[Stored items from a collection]
*** Begin section ***

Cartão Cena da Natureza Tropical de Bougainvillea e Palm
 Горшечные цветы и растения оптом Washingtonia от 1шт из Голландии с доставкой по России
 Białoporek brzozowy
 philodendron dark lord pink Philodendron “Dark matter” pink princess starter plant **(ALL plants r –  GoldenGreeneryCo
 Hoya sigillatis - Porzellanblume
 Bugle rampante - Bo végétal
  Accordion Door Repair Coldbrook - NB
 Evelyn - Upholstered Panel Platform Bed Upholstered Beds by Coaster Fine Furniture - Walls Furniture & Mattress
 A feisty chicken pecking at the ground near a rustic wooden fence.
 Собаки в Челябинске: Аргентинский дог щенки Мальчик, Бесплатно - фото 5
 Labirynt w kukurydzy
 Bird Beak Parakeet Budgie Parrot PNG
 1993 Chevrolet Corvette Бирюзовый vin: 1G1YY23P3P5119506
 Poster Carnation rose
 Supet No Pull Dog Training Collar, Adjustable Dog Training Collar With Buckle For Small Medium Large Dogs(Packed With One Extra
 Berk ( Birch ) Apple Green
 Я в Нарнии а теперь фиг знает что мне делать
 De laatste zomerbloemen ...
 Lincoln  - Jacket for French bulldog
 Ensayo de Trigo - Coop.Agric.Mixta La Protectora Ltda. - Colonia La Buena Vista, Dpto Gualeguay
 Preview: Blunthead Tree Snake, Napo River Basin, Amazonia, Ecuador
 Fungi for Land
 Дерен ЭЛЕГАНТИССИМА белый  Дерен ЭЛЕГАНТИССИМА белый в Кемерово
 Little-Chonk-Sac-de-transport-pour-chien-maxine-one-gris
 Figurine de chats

*** End section ***

Directions for this task - Nothing should appear in the output except the lines from the one with "Fungi for Land" through the end of the records above, copied exactly.

Answer below -
 Fungi for Land
 Дерен ЭЛЕГАНТИССИМА белый  Дерен ЭЛЕГАНТИССИМА белый в Кемерово
 Little-Chonk-Sac-de-transport-pour-chien-maxine-one-gris
 Figurine de chats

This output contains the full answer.